- The Washington Times - Saturday, April 6, 2002

Discovery Communications Inc. said yesterday that it will sell half its stake in the Discovery Civilization Channel to the New York Times Co. for $100 million, the first step in a plan to boost the small cable network.

In addition, Bethesda-based Discovery has signed a five-year, $40 million deal with the Times' television production unit, which will provide programming for several Discovery-owned networks.

"This is a way to extend the New York Times brand into a different medium," said Catherine Mathis, spokeswoman for the New York Times Co.

Some Times reporters and editors might appear on Discovery Civilization, which airs historical-themed documentaries, Ms. Mathis said.

Discovery Communications will continue to manage the network, which will be governed by a board of directors made up of three Discovery appointees and two Times appointees.

The deal is designed to boost Discovery Civilization, one of six digital-cable networks that Discovery Communications started in 1996.

Discovery Civilization has 14 million subscribers. Its chief competition, the History Channel, has more than 72 million subscribers.

"We want to expand the program's distribution, and we think compelling programming will help drive that," said David Leavy, spokesman for Discovery Communications.

Discovery is one of the few media companies that are growing despite a soft advertising market.

The company will produce $770 million in cash flow this year, up from $560 million in 2001, according to some analysts' projections.

Discovery has increasingly partnered with other media groups in recent years.

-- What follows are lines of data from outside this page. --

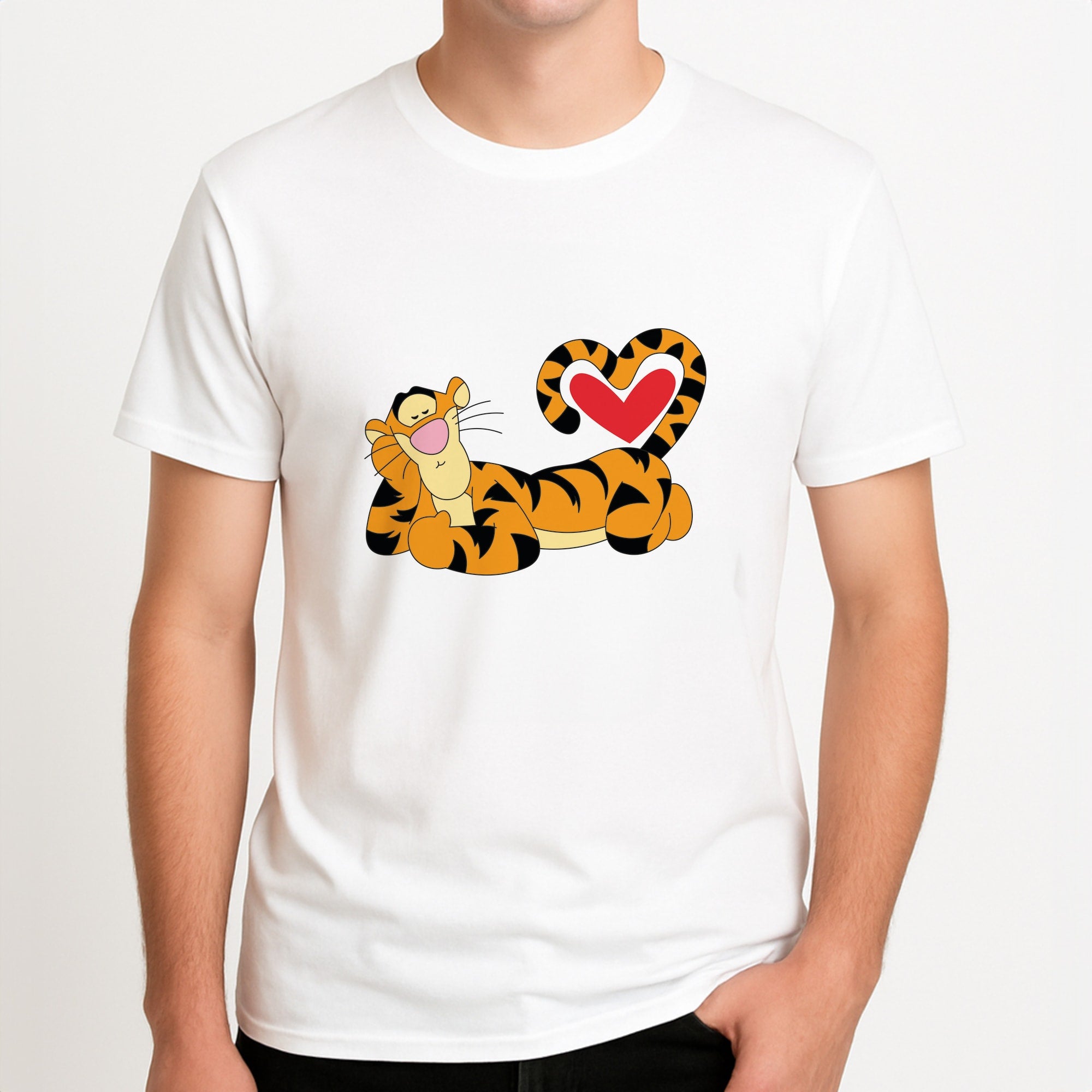 Tiger Valentine's Unisex T-Shirt, worn by a male model.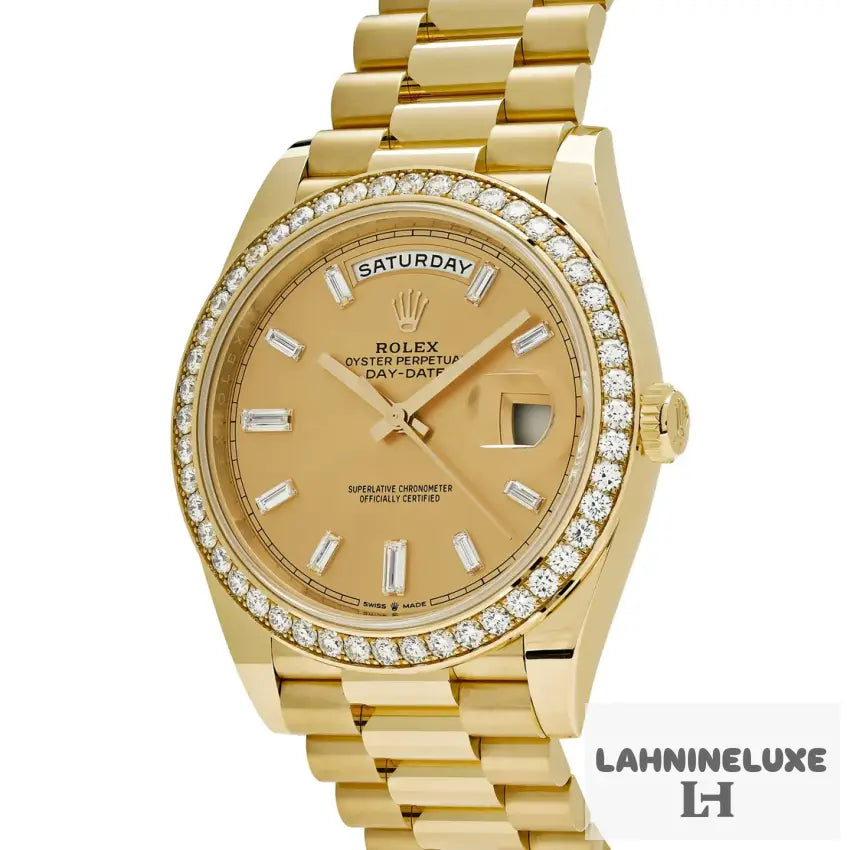 Day-Date Yellow Gold Champagne Diamond Baguette Dial Diamond Bezel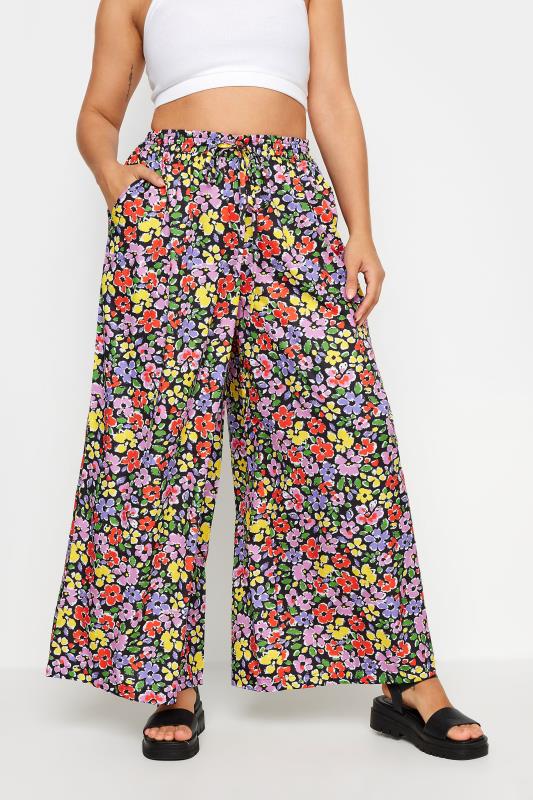 LIMITED COLLECTION Plus Size Black Ditsy Floral Print Drawstring Wide Leg Trousers | Yours Clothing 1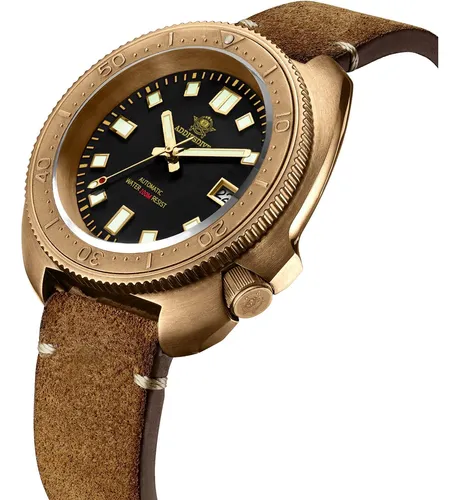 Addiesdive Reloj De Buceo Automático De Bronce Reloj De Para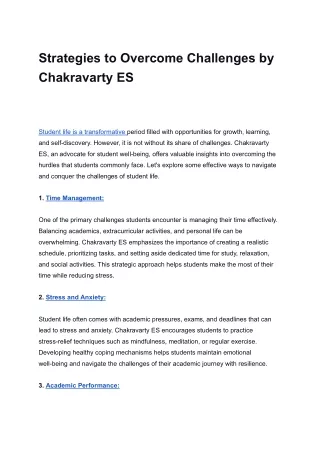 Strategies to Overcome Challenges by Chakravarty ES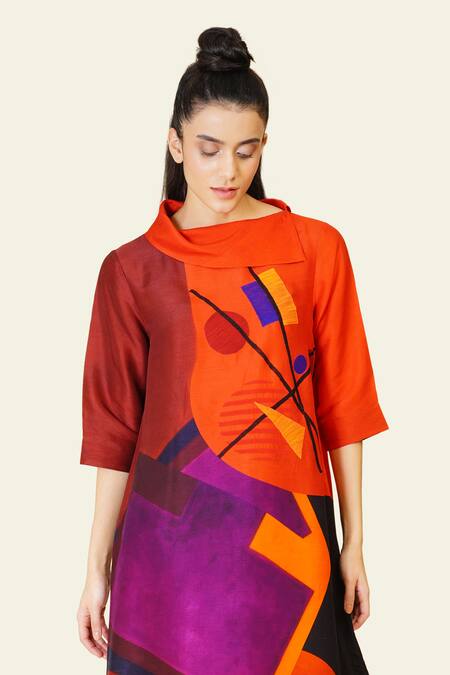 Buy Taika By Poonam Bhagat Multi Color Silk Embroidery High Neck Abstract Dori Tunic Online at Aza Fashions Buy_Taika By Poonam Bhagat_Multi Color Silk Embroidery High Neck Abstract Dori Tunic _Online_at_Aza_Fashions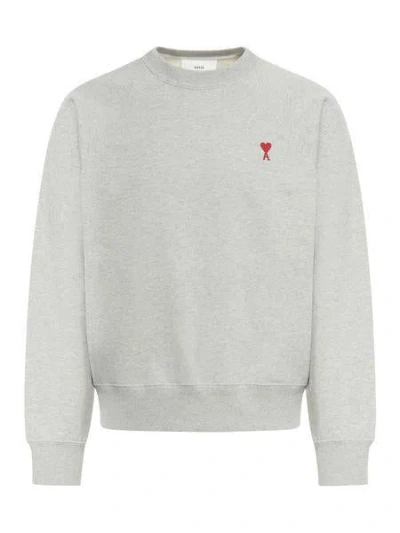Ami Alexandre Mattiussi Ami Paris Ami De Coeur Fleece Sweatshirt In Grey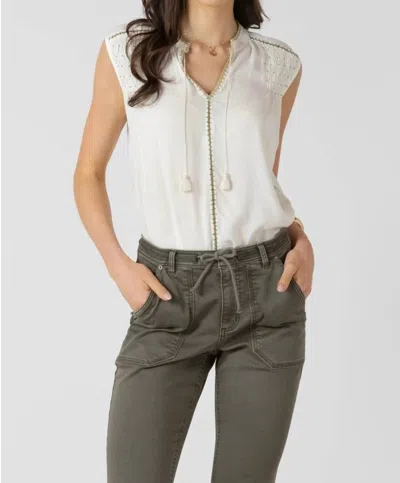 Dex Beaded Trim Blouse In Ecru/pistachio In White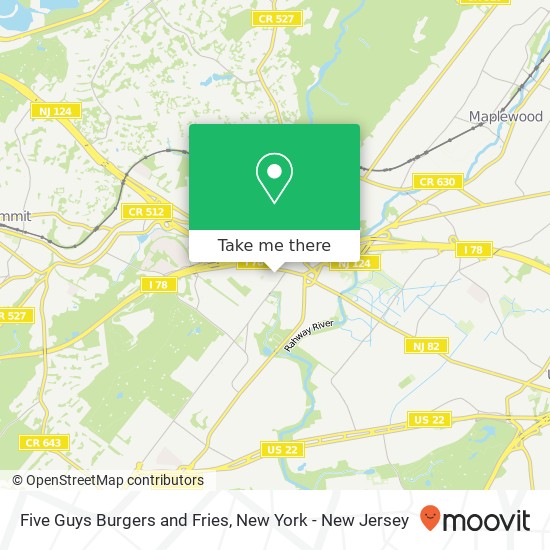 Mapa de Five Guys Burgers and Fries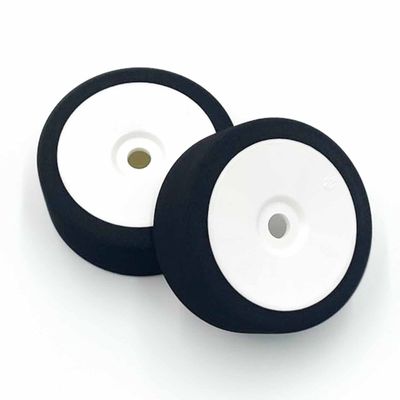BXRC8022 BSR Racing 1/8 Pre-Mounted GT Foam Tires (White) (2) (Gold) w/17mm Hex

The British Broadcasting Corp. has an ownership stake in Animal Planet, one of Discovery's most popular networks. The BBC and Discovery are also partners in the BBC America cable network.

Last year, Discovery agreed to pay $18 million to lease NBC's Saturday-morning airwaves for three years beginning this fall. Discovery will fill the four-hour programming block with children's versions of some of its most popular shows, such as "The Crocodile Hunter" and "Walking With Dinosaurs."

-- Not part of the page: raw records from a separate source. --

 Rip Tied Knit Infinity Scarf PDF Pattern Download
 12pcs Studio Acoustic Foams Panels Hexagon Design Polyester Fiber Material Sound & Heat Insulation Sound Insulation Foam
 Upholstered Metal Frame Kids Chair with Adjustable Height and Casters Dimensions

"Discovery has been very successful leveraging what it's got, and what it has is very valuable programming," said Gary S. Arlen, a Washington media analyst.

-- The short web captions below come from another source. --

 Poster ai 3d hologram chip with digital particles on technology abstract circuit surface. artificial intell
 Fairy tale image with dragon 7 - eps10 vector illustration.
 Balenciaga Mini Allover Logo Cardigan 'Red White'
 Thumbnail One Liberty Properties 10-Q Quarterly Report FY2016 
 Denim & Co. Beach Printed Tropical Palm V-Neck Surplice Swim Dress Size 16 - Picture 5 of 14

Discovery, which also operates a chain of retail stores, has remained independent during a time of intense media-industry consolidation.

Liberty Media Corp., a Colorado company that has a stake in more than 100 cable channels, is the majority owner of Discovery Communications and has resisted selling it.

Discovery held merger talks with NBC last year, and Liberty has rejected informal overtures from Viacom Inc.

Like Discovery, the New York Times Co. is exploring new mediums.

The Times recently became a minority owner in the Boston Red Sox, primarily to gain access to the baseball team's 80 percent stake in the New England Sports Network, a regional sports cable channel.

The Times also owns the Boston Globe and 16 smaller newspapers, half of the International Herald Tribune, eight television stations and two radio stations.